A Michigan LLC Operating Agreement is a legal document that explains the internal structure and operations of a Limited Liability Company. It is a written contract among the Members that defines ownership, management, and procedural rules.
Michigan does not require an LLC to have an Operating Agreement. State law still recognizes agreements among Members, including those for single member LLCs. If no written agreement exists, the LLC must follow Michigan’s default rules. These rules may divide profits equally even when Members contributed different amounts.
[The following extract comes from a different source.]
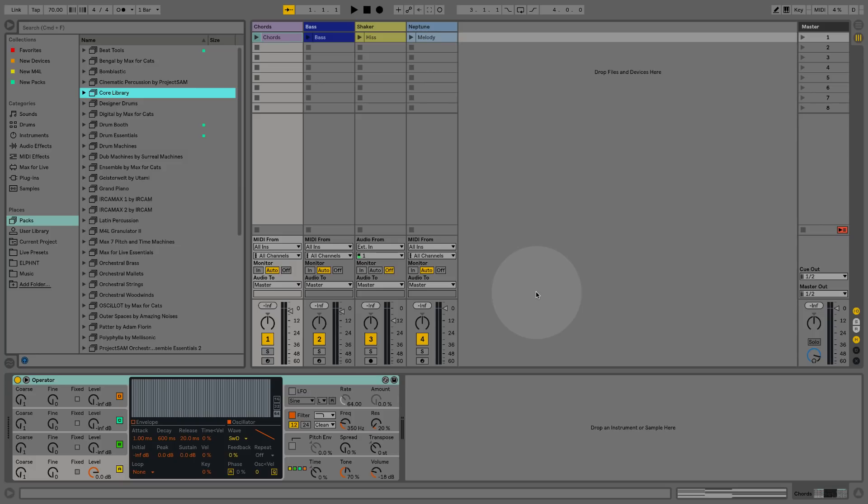Hey everyone, this is Elephant for ADSR. In this video I want to take a look at some powerful new Max for Live modulation devices that we can use to create some interesting movement in our sound design.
The Operating Agreement is an internal document. It is not filed with the Michigan Secretary of State or the Michigan Department of Licensing and Regulatory Affairs. No filing fee applies. Courts or state agencies may ask for the agreement during audits or legal matters.
A written agreement offers several practical benefits.
• General Information: LLC name, purpose, duration, effective date, and Registered Agent. • Ownership and Capital Contributions: Members’ names, contributions, and ownership percentages. • Management Structure: Whether the LLC is member-managed or manager-managed, and the responsibilities of each role. • Voting Rights: How votes are allocated, and which actions require a vote. • Profits, Losses, and Distributions: How profits and losses are divided, and how distributions occur. • Transfer of Interests and Dissolution: Rules for buyouts, triggering events, and dissolution procedures. • Bookkeeping and Taxes: Accounting method, financial recordkeeping, and tax classification.
The agreement becomes enforceable once all members sign. Notarization is unnecessary. Amendments usually require a meeting and member approval, as described in the agreement.